Ida Mae Brandon Gladney, a sharecropper's wife, left Mississippi for Milwaukee in 1937, after her cousin was falsely accused of stealing a white man's turkeys and was almost beaten to death. In 1945, George Swanson Starling, a citrus picker, fled Florida for Harlem after learning of the grove owners' plans to give him a "necktie party" (a lynching). Robert Joseph Pershing Foster made his trek from Louisiana to California in 1953, embittered by "the absurdity that he was doing surgery for the United States Army and couldn't operate in his own home town." Anchored to these three stories is Pulitzer Prize-winning journalist Wilkerson's magnificent, extensively researched study of the "great migration," the exodus of six million black Southerners out of the terror of Jim Crow to an "uncertain existence" in the North and Midwest.
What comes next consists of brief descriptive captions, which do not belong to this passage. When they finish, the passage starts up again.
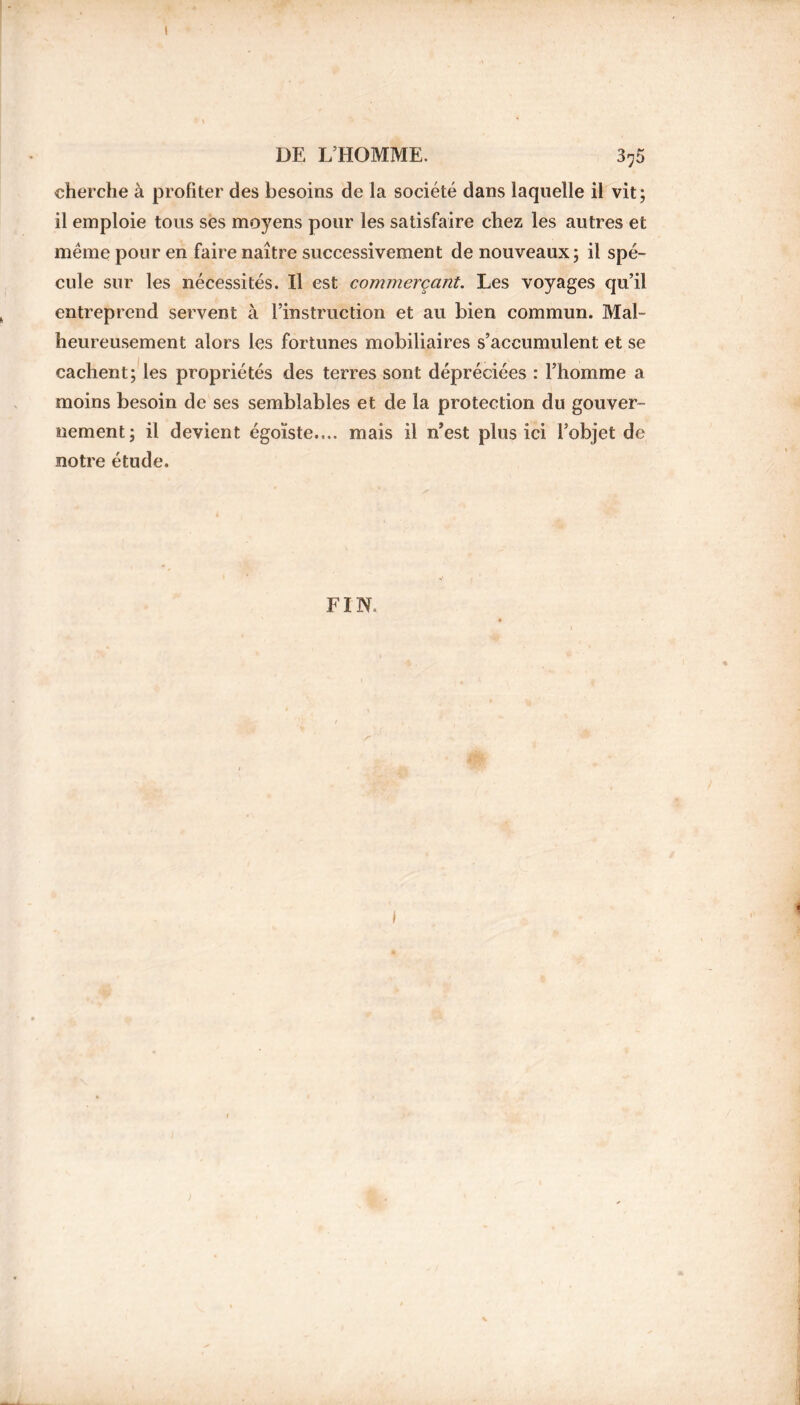 I DE L’HOMME. 3-5 cherche à profiter des besoins de la société dans laquelle il vit; il emploie tous ses moyens pour les satisfaire chez les autres et même pour en faire naître successivement de nouveaux; il spé- cule sur les nécessités. Il est commerçant. Les voyages qu’il entreprend servent à l’instruction et au bien commun. Mal- heureusement alors les fortunes mobiliaires s’accumulent et se cachent; les propriétés des terres sont dépréciées : l’homme a moins besoin de ses semblables et de la protection du gouver- nement; il devient égoïste.... mais il n’est plus ici l’objet de notre étude. FIN.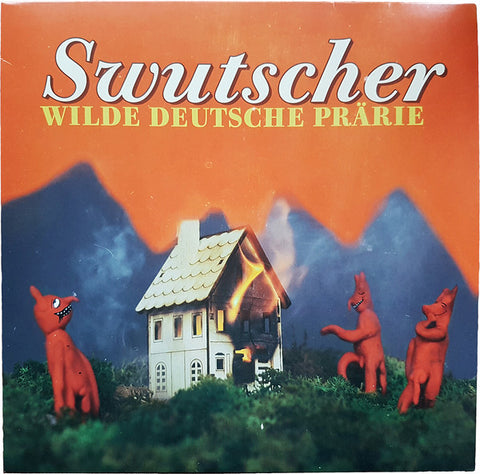 Swutscher - Wilde Deutsche Prärie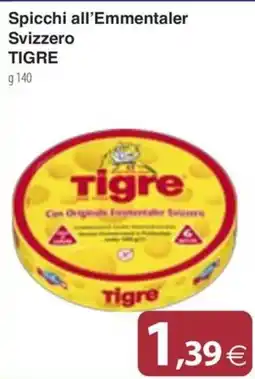 Docks Cash&Carry Spicchi all'Emmentaler Svizzero Tigre offerta
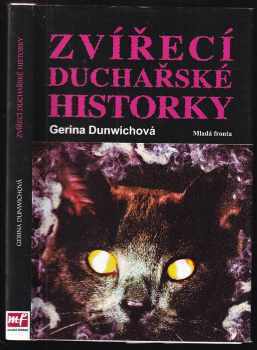 Zvířecí duchařské historky
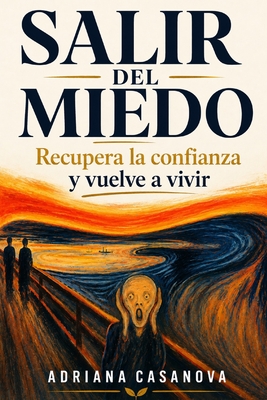 Salir del miedo: Cómo librarte de las fobias que limitan tu vida y recuperar la seguridad interior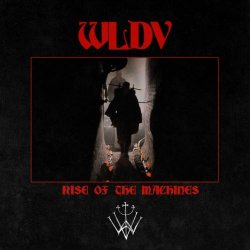 WLDV - Rise Of The Machines (2022) [EP]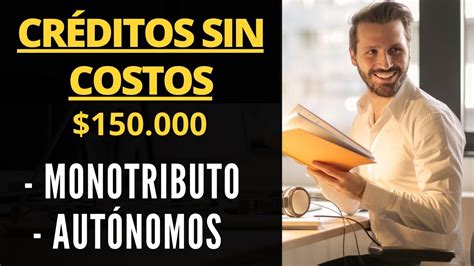 Cr Ditos Para Monotributistas Y Aut Nomos Sin Intereses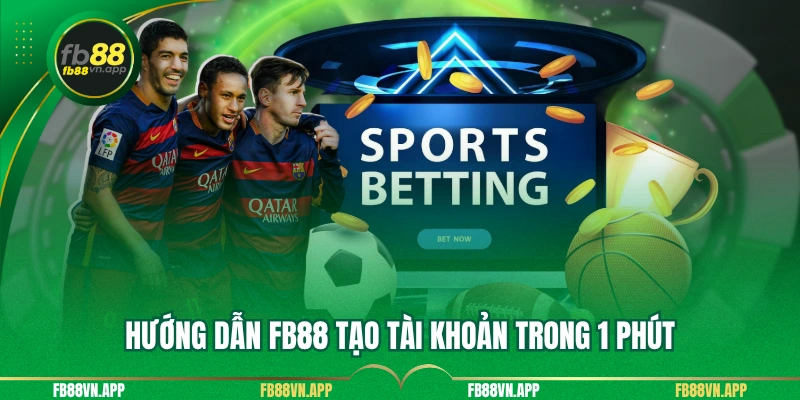 Hướng dẫn FB88 tạo tài khoản trong 1 phút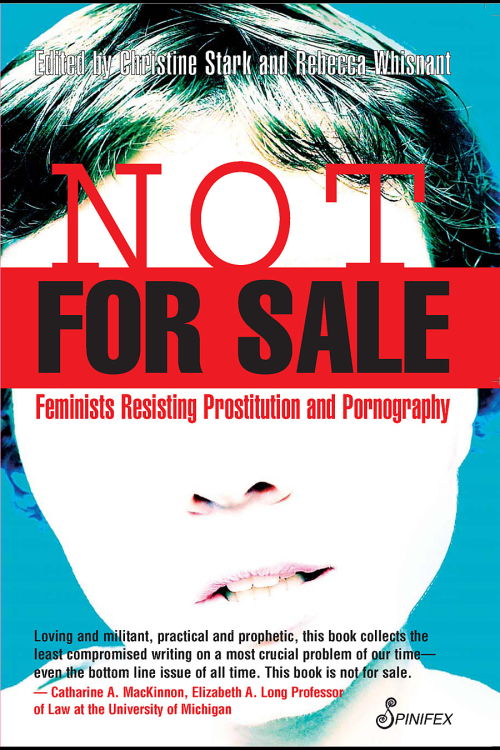 NOT FOR SALE - FEMINISTS RESISTING PROSTITUTION AND PORNOGRAPHY - EBOOK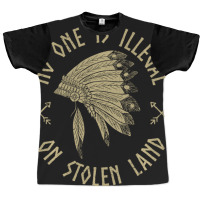 Anti Trump Native Activist No One Is Illegal On Stolen Land Graphic T-shirt | Artistshot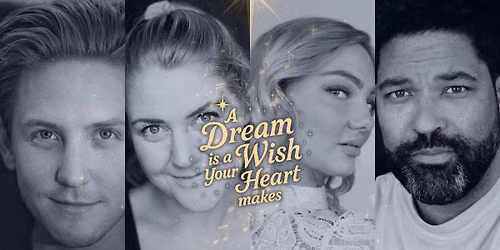 Disneykonsert - "A Dream is a Wish Your Heart Makes"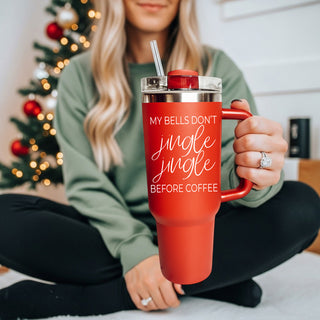 Christmas coffee lover tumbler - my bells dont jingle jingle before coffee 40oz red
Holiday coffee addict tumbler  red
Christmas caffeine tumbler 40oz 
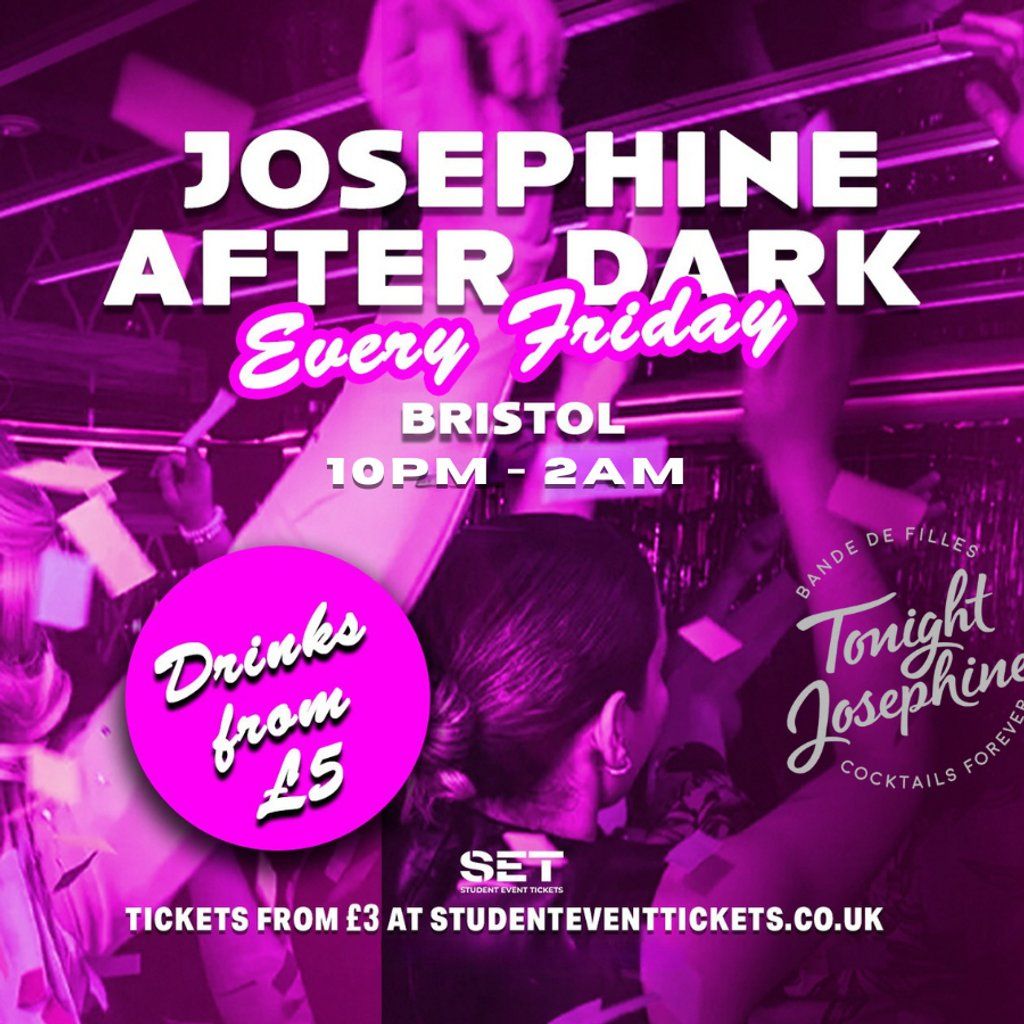Josephine After Dark @ Tonight Josephine Bristol - Every Friday, 19 December | Event in Bristol | AllEvents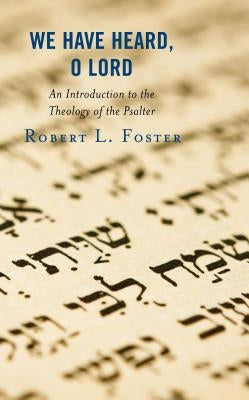 We Have Heard, O Lord: An Introduction to the Theology of the Psalter by Foster, Robert L.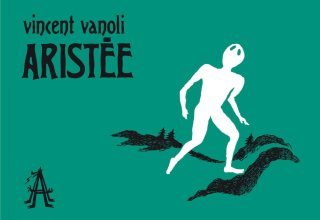 Aristée par Vincent Vanoli - L'Apocalypse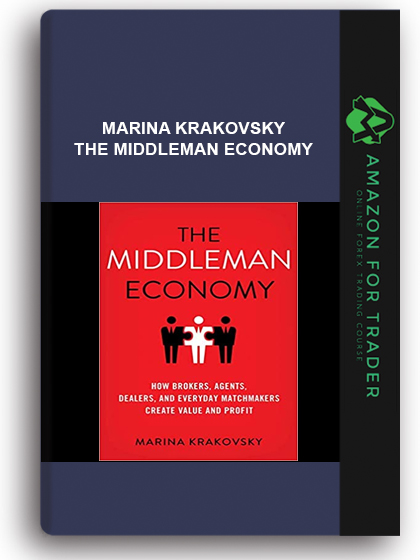 Marina Krakovsky - The Middleman Economy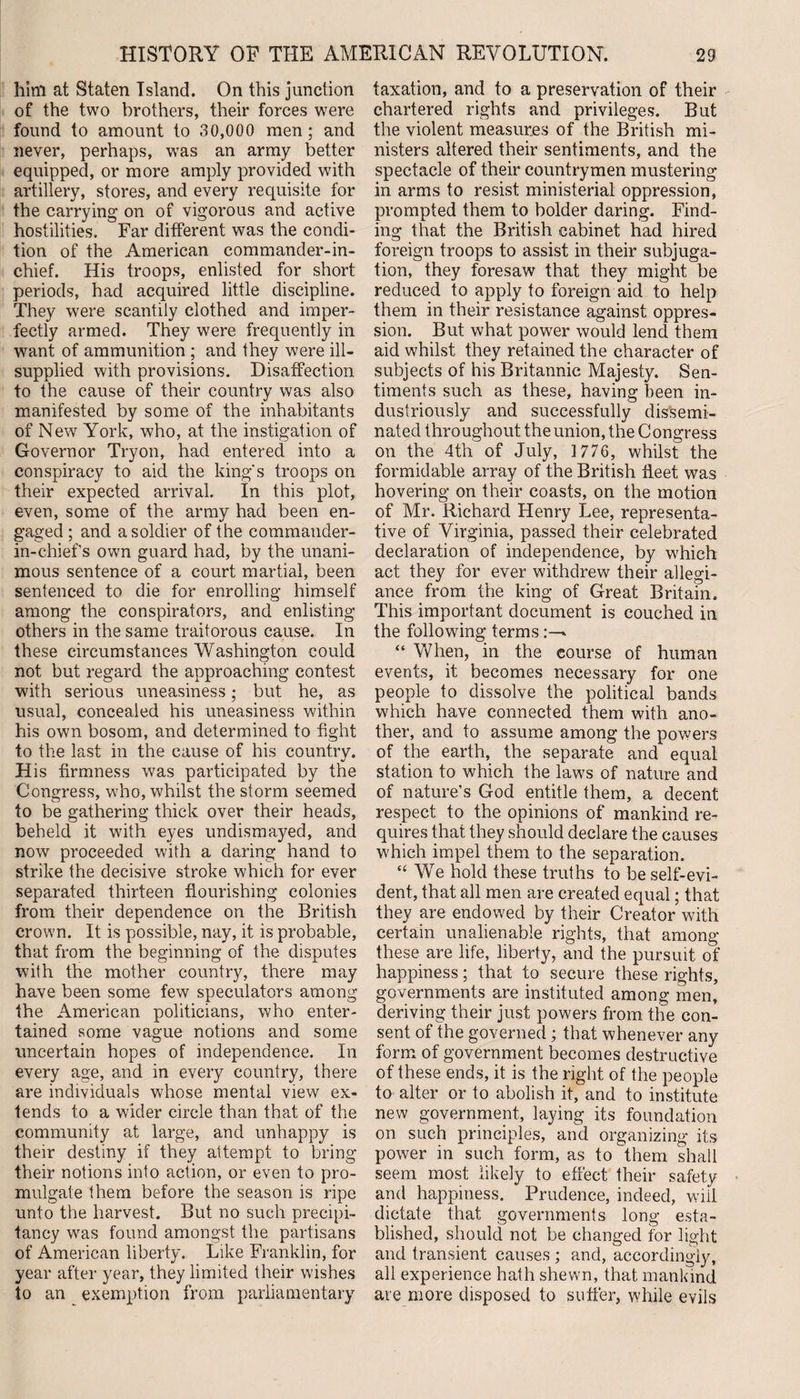 him at Staten Island. On this junction of the two brothers, their forces were found to amount to 30,000 men ; and never, perhaps, was an army better equipped, or more amply provided with artillery, stores, and every requisite for the carrying on of vigorous and active hostilities. Far different was the condi¬ tion of the American commander-in¬ chief. His troops, enlisted for short periods, had acquired little discipline. They were scantily clothed and imper¬ fectly armed. They were frequently in want of ammunition ; and they were ill- supplied with provisions. Disaffection to the cause of their country was also manifested by some of the inhabitants of New York, who, at the instigation of Governor Tryon, had entered into a conspiracy to aid the king's troops on their expected arrival. In this plot, even, some of the army had been en¬ gaged ; and a soldier of the commander- in-chief s own guard had, by the unani¬ mous sentence of a court martial, been sentenced to die for enrolling himself among the conspirators, and enlisting others in the same traitorous cause. In these circumstances Washington could not but regard the approaching contest with serious uneasiness; but he, as usual, concealed his uneasiness within his own bosom, and determined to fight to the last in the cause of his country. His firmness was participated by the Congress, who, whilst the storm seemed to be gathering thick over their heads, beheld it with eyes undismayed, and now proceeded with a daring hand to strike the decisive stroke which for ever separated thirteen flourishing colonies from their dependence on the British crown. It is possible, nay, it is probable, that from the beginning of the disputes with the mother country, there may have been some few speculators among the American politicians, who enter¬ tained some vague notions and some uncertain hopes of independence. In every age, and in every country, there are individuals whose mental view ex¬ tends to a wider circle than that of the community at large, and unhappy is their destiny if they attempt to bring their notions into action, or even to pro¬ mulgate them before the season is ripe unto the harvest. But no such precipi¬ tancy was found amongst the partisans of American liberty. Like Franklin, for year after year, they limited their wishes to an exemption from parliamentary taxation, and to a preservation of their chartered rights and privileges. But the violent measures of the British mi¬ nisters altered their sentiments, and the spectacle of their countrymen mustering in arms to resist ministerial oppression, prompted them to bolder daring. Find¬ ing that the British cabinet had hired foreign troops to assist in their subjuga¬ tion, they foresaw that they might be reduced to apply to foreign aid to help them in their resistance against oppres¬ sion. But what power would lend them aid whilst they retained the character of subjects of his Britannic Majesty. Sen¬ timents such as these, having been in¬ dustriously and successfully dissemi¬ nated throughout the union, the Congress on the 4th of July, 1776, whilst the formidable array of the British fleet was hovering on their coasts, on the motion of Mr. Richard Henry Lee, representa¬ tive of Virginia, passed their celebrated declaration of independence, by which act they for ever withdrew their allegi¬ ance from the king of Great Britain. This important document is couched in the following terms* “ When, in the course of human events, it becomes necessary for one people to dissolve the political bands which have connected them with ano¬ ther, and to assume among the powers of the earth, the separate and equal station to which the laws of nature and of nature’s God entitle them, a decent respect to the opinions of mankind re¬ quires that they should declare the causes which impel them to the separation. “ We hold these truths to be self-evi¬ dent, that all men are created equal; that they are endowed by their Creator with certain unalienable rights, that among these are life, liberty, and the pursuit of happiness; that to secure these rights, governments are instituted among men, deriving their just powers from the con¬ sent of the governed; that whenever any form of government becomes destructive of these ends, it is the right of the people to alter or to abolish it, and to institute new government, laying its foundation on such principles, and organizing its power in such form, as to them shall seem most likely to effect their safety and happiness. Prudence, indeed, will dictate that governments long esta¬ blished, should not be changed for light and transient causes ; and, accordingly, all experience hath shewn, that mankind are more disposed to suffer, while evils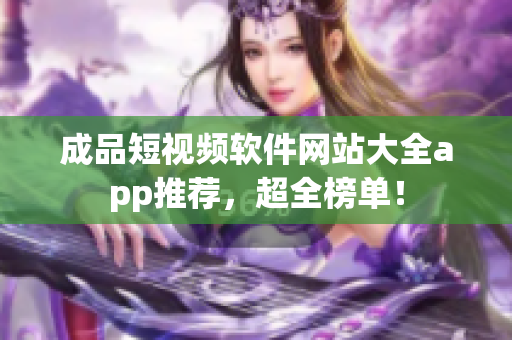 成品短视频软件网站大全app推荐，超全榜单！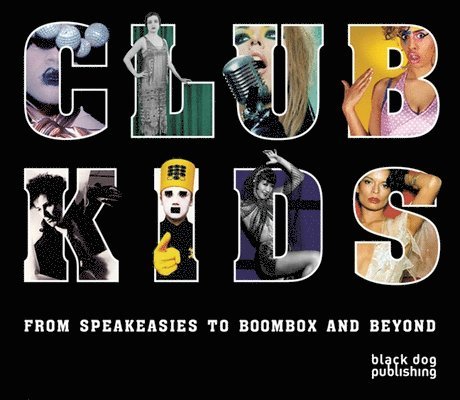 Raven Smith - Club Kids: From Speakeasies to Boombox and Beyond, Häftad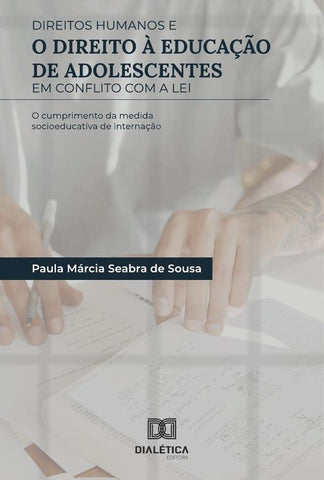 Direitos Humanos e o direito à educação de adolescentes em conflito com a Lei | Paula Márcia Seabra de Sousa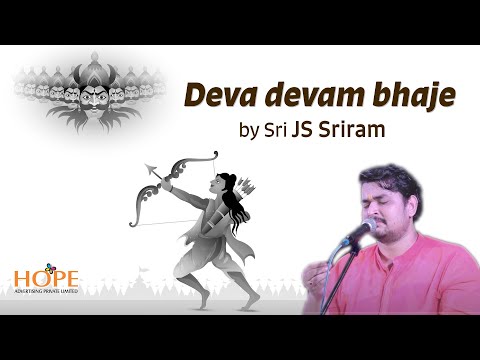 Deva devam bhaje by Sri JS Sriram and Team
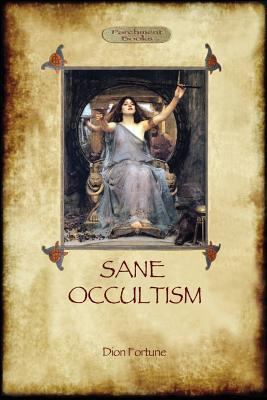 Sane Occultism 1909735116 Book Cover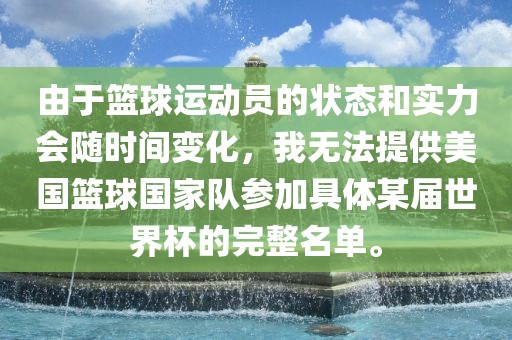 由于篮球运动员的状态和实力会随时间变化，我无法提供美国篮球国家队参加丹东日丰电子有限公司具体某届世界杯的完整名单。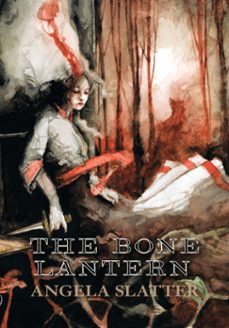 the bone lantern (ebook)-angela slatter-9781786369567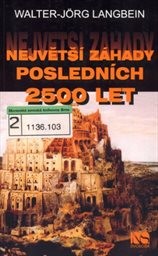 Největší záhady posledních 2500 let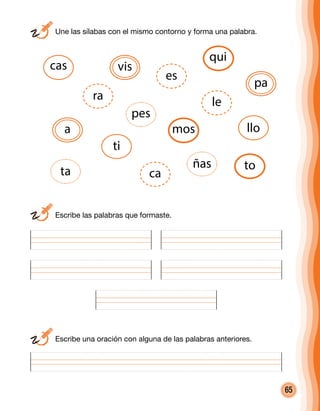 65
	 Une las sílabas con el mismo contorno y forma una palabra.
	 Escribe una oración con alguna de las palabras anteriores.
	 Escribe las palabras que formaste.
cas
mos
ta
a
ra
ti
vis
es
pes
ca
ñas
llo
pa
qui
le
to
 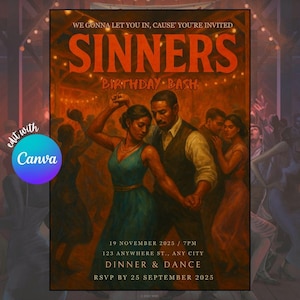 Puede incluir: Una invitación de estilo vintage para una "Sinners Birthday Bash", con una pareja bailando. El texto incluye la fecha, hora, lugar e información de RSVP. La paleta de colores es cálida, con tonos marrones, naranjas y verde azulado.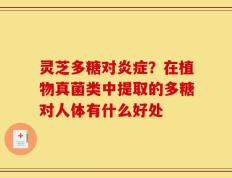 灵芝多糖对炎症？在植物真菌类中提取的多糖对人体有什么好处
Wilkerson deftly incorporates sociological and historical studies into the novelistic narratives of Gladney, Starling, and Pershing settling in new lands, building anew, and often finding that they have not left racism behind. The drama, poignancy, and romance of a classic immigrant saga pervade this book, hold the reader in its grasp, and resonate long after the reading is done. (Sept.) (c) Copyright PWxyz, LLC. All rights reserved

From Library Journal:

Pulitzer Prize-winning journalist Wilkerson's epic and intimate scholarly portrait of the Great Migration of southern African Americans to the North is the first comprehensive study of that movement. Previous works have focused on regional migrations and James N. Gregory's The Southern Diaspora deals with the comprehensive migration of both whites and African Americans to the North. Covering the time period from 1915 through 1970, Wilkerson (journalism, Boston Univ.) explains the Great Migration through oral histories, research from newspaper articles, and other scholarly works. She shatters previous scholarship that defined these migrants as poor, illiterate, jobless, and dependent on welfare through thorough research of demographic and census records. Wilkerson, whose mother was a part of the Great Migration, discusses the movement's effects on culture and politics through the oral histories she gathered from her three protagonists; they speak and simply tell their stories. Verdict A portrait that is rooted in scholarly research and gives this pivotal part of American history a personality, this will be a great addition for academics, historians, and researchers in Africana, as well as American cultural studies.-Suzan Alteri, Wayne State Univ., Detroit (c) Copyright 2010. Library Journals LLC, a wholly owned subsidiary of Media Source, Inc. No redistribution permitted.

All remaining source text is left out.